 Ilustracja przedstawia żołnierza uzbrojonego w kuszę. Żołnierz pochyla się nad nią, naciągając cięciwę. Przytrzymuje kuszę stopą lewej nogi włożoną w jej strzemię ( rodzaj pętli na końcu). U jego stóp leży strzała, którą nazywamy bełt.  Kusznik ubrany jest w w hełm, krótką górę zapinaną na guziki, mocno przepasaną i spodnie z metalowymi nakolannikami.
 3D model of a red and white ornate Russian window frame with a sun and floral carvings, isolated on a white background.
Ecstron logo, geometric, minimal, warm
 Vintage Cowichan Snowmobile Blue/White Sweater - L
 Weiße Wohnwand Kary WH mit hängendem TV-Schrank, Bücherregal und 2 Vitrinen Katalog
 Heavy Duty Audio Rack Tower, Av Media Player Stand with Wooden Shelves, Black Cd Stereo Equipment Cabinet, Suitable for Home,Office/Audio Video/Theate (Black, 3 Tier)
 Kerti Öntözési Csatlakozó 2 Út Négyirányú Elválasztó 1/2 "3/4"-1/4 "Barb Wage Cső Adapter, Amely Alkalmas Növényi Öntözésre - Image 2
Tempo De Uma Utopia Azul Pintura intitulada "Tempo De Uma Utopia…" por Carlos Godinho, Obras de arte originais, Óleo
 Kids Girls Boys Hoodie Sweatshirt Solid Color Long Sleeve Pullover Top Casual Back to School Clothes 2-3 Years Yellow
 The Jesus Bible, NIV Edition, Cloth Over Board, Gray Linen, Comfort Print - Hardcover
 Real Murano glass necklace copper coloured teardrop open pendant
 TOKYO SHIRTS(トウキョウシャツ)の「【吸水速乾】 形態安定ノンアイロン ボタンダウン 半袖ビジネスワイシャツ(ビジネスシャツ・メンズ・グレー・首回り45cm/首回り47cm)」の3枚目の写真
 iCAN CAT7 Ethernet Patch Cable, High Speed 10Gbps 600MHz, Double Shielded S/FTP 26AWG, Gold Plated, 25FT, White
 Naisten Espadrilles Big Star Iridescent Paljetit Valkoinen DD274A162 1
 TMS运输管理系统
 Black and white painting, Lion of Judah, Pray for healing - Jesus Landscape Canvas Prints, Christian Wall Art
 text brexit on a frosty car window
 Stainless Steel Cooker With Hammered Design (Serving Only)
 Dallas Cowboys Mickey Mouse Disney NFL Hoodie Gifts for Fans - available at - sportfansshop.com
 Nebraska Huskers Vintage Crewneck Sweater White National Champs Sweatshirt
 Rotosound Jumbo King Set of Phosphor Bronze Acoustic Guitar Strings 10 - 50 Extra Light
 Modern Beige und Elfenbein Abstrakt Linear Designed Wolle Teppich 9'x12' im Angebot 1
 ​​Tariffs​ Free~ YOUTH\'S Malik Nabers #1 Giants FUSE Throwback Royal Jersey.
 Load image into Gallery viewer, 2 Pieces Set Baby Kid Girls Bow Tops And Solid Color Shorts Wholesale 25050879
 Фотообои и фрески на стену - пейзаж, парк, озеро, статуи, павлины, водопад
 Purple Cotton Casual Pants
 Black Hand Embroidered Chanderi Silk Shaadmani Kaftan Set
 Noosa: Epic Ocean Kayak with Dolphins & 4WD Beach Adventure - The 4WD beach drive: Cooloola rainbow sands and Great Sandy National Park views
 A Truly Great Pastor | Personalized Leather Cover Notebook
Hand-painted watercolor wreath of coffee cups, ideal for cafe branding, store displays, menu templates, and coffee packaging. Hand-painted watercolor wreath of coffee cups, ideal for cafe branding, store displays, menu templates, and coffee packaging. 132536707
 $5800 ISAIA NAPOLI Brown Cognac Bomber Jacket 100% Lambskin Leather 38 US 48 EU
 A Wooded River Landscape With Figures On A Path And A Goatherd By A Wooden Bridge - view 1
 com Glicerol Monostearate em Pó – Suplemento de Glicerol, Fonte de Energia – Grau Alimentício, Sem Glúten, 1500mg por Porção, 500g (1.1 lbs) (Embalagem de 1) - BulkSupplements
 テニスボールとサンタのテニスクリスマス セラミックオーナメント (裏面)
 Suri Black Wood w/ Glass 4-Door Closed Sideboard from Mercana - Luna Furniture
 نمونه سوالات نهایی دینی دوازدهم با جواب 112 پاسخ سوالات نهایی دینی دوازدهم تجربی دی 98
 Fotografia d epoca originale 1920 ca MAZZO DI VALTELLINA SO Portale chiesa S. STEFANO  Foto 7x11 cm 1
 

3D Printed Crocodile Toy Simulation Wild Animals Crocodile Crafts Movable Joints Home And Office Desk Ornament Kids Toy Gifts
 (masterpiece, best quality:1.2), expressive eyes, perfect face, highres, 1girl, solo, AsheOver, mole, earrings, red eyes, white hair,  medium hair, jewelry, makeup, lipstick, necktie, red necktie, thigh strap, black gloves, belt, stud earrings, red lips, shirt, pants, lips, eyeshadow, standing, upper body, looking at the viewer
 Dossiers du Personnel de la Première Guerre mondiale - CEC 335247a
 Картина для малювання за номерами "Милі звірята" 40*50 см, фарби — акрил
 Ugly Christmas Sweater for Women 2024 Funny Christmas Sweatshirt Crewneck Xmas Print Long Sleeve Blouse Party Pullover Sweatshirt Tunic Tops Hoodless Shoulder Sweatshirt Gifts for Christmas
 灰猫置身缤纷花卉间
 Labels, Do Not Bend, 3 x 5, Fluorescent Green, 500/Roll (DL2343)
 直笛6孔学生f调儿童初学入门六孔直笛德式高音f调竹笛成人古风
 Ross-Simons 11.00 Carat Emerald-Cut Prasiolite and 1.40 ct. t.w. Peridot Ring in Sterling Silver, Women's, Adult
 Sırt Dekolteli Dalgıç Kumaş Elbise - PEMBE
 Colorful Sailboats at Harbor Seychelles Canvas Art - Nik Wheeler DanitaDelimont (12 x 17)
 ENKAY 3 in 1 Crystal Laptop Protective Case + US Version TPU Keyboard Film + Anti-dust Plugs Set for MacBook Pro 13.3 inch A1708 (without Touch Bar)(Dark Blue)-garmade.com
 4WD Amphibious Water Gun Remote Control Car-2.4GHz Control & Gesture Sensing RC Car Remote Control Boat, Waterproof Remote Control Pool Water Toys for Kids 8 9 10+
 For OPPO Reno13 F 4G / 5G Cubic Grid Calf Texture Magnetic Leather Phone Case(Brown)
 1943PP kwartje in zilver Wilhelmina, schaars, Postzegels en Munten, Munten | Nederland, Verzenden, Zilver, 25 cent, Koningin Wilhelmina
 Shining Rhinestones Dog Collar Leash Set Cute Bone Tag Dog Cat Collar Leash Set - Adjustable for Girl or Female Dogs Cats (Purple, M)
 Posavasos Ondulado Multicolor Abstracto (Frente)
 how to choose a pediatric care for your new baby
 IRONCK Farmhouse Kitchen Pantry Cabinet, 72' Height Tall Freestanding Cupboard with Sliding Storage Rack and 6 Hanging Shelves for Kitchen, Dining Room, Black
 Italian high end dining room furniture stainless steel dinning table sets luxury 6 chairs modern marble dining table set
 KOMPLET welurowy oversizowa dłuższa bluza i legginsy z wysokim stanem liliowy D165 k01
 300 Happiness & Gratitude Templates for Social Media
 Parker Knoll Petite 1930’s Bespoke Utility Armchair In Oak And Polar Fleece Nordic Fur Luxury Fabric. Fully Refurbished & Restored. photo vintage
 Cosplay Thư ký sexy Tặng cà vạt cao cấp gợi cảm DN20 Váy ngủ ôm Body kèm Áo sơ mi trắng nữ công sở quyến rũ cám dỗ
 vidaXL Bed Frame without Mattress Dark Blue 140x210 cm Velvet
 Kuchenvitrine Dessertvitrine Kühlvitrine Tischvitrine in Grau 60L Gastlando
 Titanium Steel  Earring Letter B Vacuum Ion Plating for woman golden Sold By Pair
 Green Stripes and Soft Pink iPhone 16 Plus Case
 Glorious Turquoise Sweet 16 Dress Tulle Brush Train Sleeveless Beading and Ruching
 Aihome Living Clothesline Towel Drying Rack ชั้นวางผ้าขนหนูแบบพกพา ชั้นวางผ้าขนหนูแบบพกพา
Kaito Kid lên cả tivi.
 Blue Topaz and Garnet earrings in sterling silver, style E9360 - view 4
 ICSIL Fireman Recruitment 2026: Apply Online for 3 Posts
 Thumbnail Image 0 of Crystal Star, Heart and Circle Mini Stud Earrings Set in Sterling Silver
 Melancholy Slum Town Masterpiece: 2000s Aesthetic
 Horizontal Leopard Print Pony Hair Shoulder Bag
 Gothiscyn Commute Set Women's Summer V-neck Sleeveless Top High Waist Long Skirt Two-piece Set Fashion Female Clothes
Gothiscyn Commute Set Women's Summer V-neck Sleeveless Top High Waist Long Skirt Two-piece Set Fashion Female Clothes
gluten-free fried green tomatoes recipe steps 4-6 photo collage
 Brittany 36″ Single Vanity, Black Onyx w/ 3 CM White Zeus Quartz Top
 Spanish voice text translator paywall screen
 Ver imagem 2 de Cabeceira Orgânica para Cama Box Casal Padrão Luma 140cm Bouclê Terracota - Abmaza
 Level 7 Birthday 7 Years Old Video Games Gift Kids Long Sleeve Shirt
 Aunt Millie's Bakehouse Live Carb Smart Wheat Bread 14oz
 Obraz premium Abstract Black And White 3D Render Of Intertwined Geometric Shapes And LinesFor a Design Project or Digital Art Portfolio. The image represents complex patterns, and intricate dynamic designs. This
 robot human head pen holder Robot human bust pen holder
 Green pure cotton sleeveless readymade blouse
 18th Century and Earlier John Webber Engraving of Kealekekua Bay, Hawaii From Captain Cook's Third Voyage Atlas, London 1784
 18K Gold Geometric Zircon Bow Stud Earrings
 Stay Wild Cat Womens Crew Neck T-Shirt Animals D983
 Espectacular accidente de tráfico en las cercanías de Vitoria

======

The line that contains "Ver imagem 2", the final line of the listing, and every line between them are to be retyped exactly; nothing else.

§ EXERCISE RESPONSE
 Ver imagem 2 de Cabeceira Orgânica para Cama Box Casal Padrão Luma 140cm Bouclê Terracota - Abmaza
 Level 7 Birthday 7 Years Old Video Games Gift Kids Long Sleeve Shirt
 Aunt Millie's Bakehouse Live Carb Smart Wheat Bread 14oz
 Obraz premium Abstract Black And White 3D Render Of Intertwined Geometric Shapes And LinesFor a Design Project or Digital Art Portfolio. The image represents complex patterns, and intricate dynamic designs. This
 robot human head pen holder Robot human bust pen holder
 Green pure cotton sleeveless readymade blouse
 18th Century and Earlier John Webber Engraving of Kealekekua Bay, Hawaii From Captain Cook's Third Voyage Atlas, London 1784
 18K Gold Geometric Zircon Bow Stud Earrings
 Stay Wild Cat Womens Crew Neck T-Shirt Animals D983
 Espectacular accidente de tráfico en las cercanías de Vitoria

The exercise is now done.